Boston can take heart that nearly
everything has gone Yankees way

AP
Boston Red Sox manager Terry Francona must figure out how his team can't get out of an 0-2 hole against the New York Yankees in the ALCS.

NEW YORK - Pedro Martinez was the losing pitcher, but he wasn’t the reason the Red Sox find themselves in a 0-2 hole against those annoying Yankees. He may, eventually, even be one of the reasons Boston digs itself out of that hole.

And don’t kid yourself into believing the Red Sox are dead and buried. Being down 0-2 isn’t anyone's idea of a good situation. Get in that position and you’ll lose far more seven-game series than you’ll win.

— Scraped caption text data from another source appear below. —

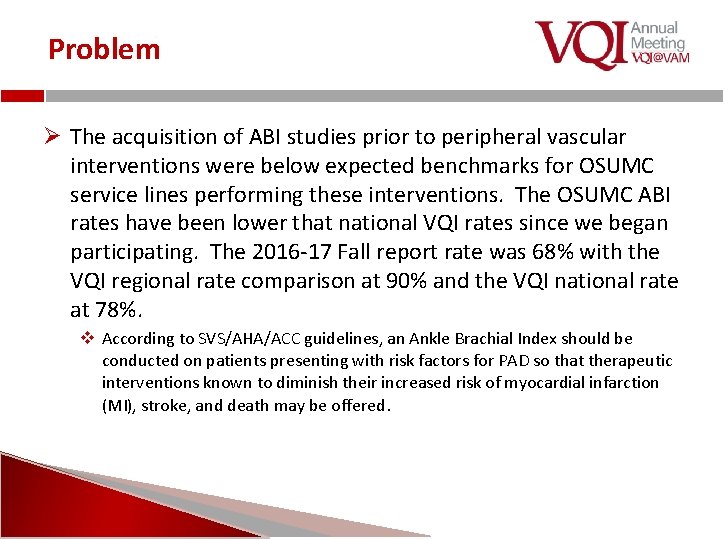 Problem Ø The acquisition of ABI studies prior to peripheral vascular interventions were below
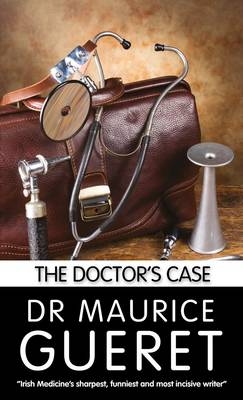 The Doctor's Case - Maurice Gueret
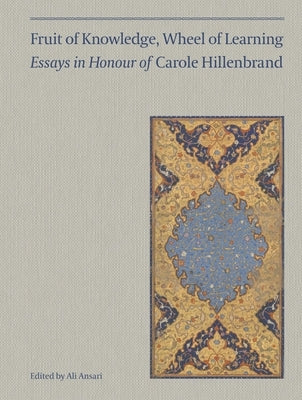 Fruit of Knowledge, Wheel of Learning (Vol I): Essays in Honour of Professor Carole Hillenbrand Volume 1 by Ansari, Ali M.
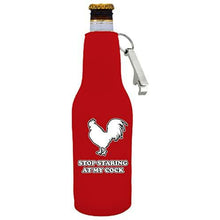 Load image into Gallery viewer, Stop Staring At My Cock Beer Bottle Coolie with Opener Attached
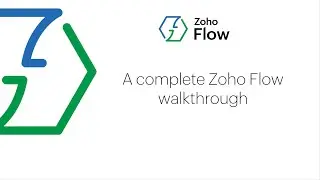 A complete Zoho Flow walkthrough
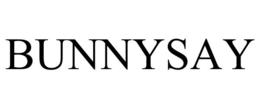 bunnysay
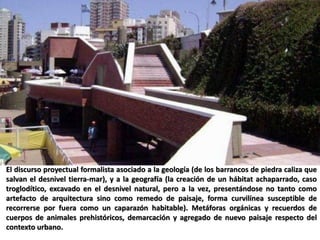 El discurso proyectual formalista asociado a la geología (de los barrancos de piedra caliza que
salvan el desnivel tierra-mar), y a la geografía (la creación de un hábitat achaparrado, caso
troglodítico, excavado en el desnivel natural, pero a la vez, presentándose no tanto como
artefacto de arquitectura sino como remedo de paisaje, forma curvilínea susceptible de
recorrerse por fuera como un caparazón habitable). Metáforas orgánicas y recuerdos de
cuerpos de animales prehistóricos, demarcación y agregado de nuevo paisaje respecto del
contexto urbano.
 
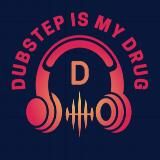 DUBSTEP IS MY DRUG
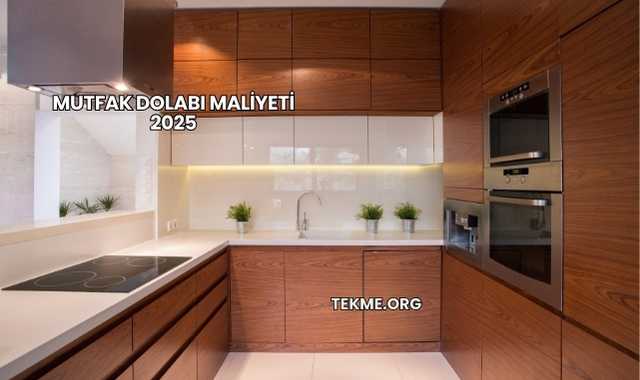 Mutfak Dolabı Maliyeti 2025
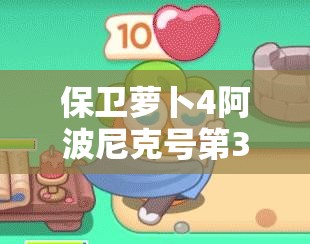 保卫萝卜4阿波尼克号第35关满星攻略，通关秘籍与技巧全面解析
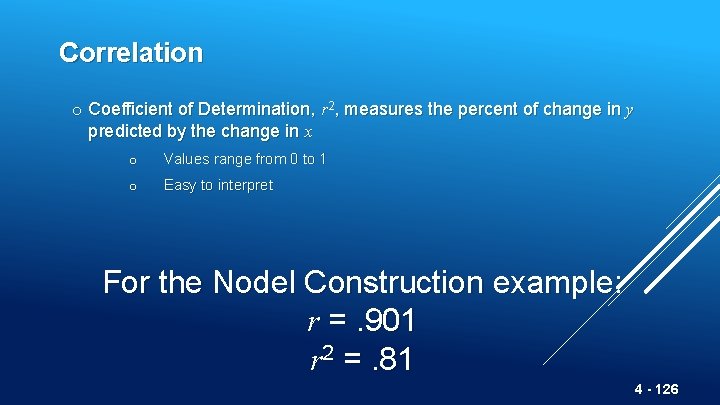 Correlation o Coefficient of Determination, r 2, measures the percent of change in y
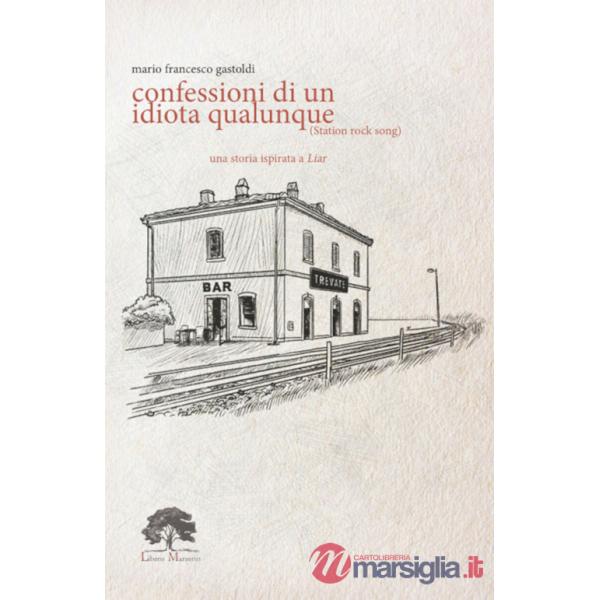 Confessioni di un idiota qualunque. Ediz. limitata. Con incenso. Con tè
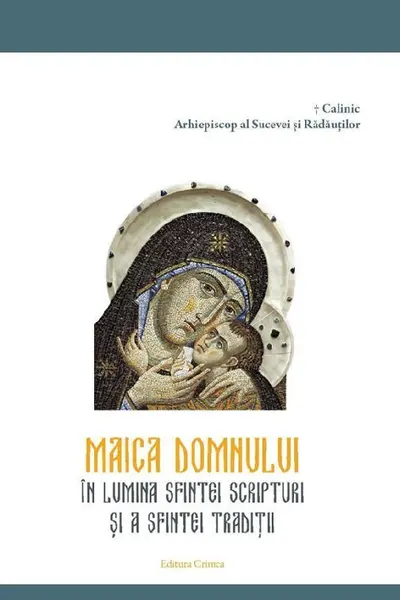 Maica Domnului în lumina Sfintei Scripturi și a Sfintei Traditii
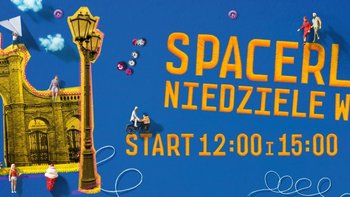 Zdjęcie promujące wydarzenie: Spacery architektoniczne śladami Izraela Poznańskiego w Manufakturze -  mat. pras. Manufaktura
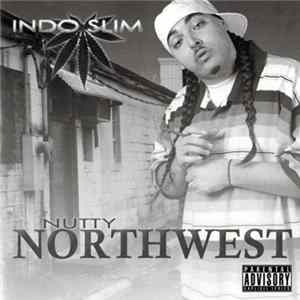 Indo Slim - Nutty Northwest mp3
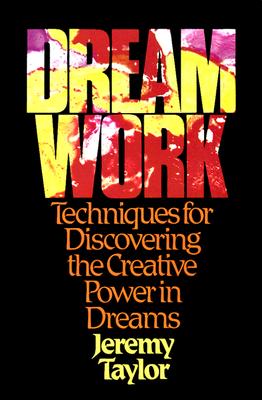 Dream Work: Techniques for Discovering the Creative Power in Dreams DREAM WORK [ Jeremy Taylor ]
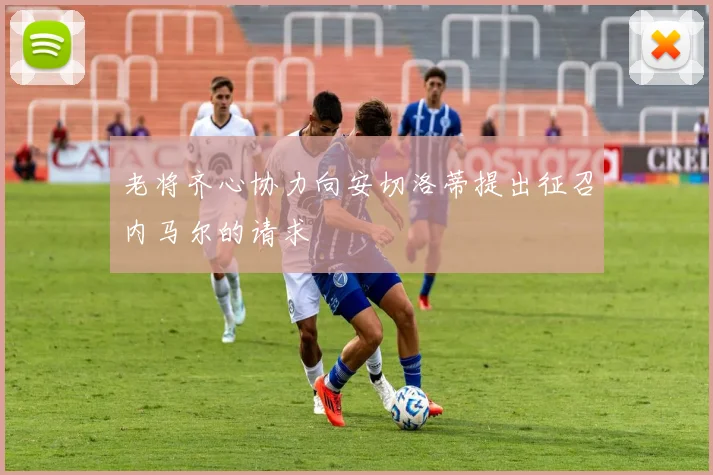 老将齐心协力向安切洛蒂提出征召内马尔的请求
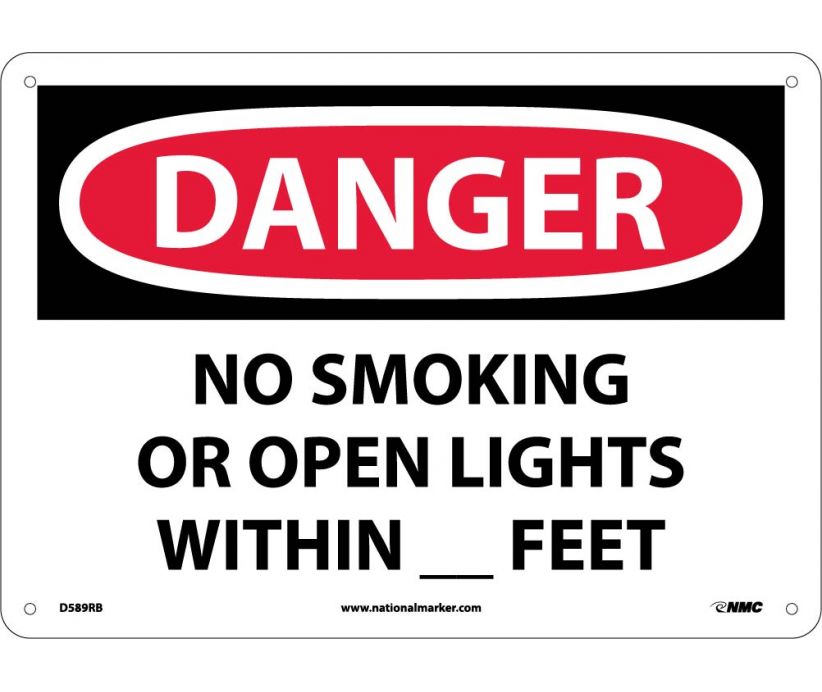 DANGER, NO SMOKING OR OPEN LIGHTS WITHIN _ FEET, 10X14, RIGID PLASTIC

But teams do come back from such deficits. And long experience has taught me that no series reaches a truly desperate stage until one team has three victories. Go down 0-3, and you’re as dead as world Communism. But from 0-2, you can come back.

The Yankees did it in the 1996 World Series against the Braves. The Mets did it in 1986 against the Red Sox. The previous year, the Royals did it against the Cards. Just last year, the Red Sox came back from 0-2 down in a five-game series to beat the A’s in the ALDS.

But it’s going to take more than pitching for the Red Sox to reach the point where they can say they have any chance at all against New York. If the Red Sox bats — and here comes as statement that demonstrates as firm a grasp of the obvious as you’re likely to find — don’t rouse themselves from their slumber, it won’t matter what Pedro does.

Nor will it matter if Curt Schilling can or can’t pitch again on a right ankle that has a tendon that’s pulled free of its moorings. They say that pitching wins championships, but the reverse is also true: Lack of hitting loses them.

Game 2 was a prime example.

The inimitable Pedro took the mound with 55,000 partisans mockingly imploring him to divulge the identity of his paternal progenitor. It turned out that the Yankees aren’t his Daddy. They’re not even his uncle.

It also turned out that far from being bothered by the symphonic sarcasm, Martinez was honored by it.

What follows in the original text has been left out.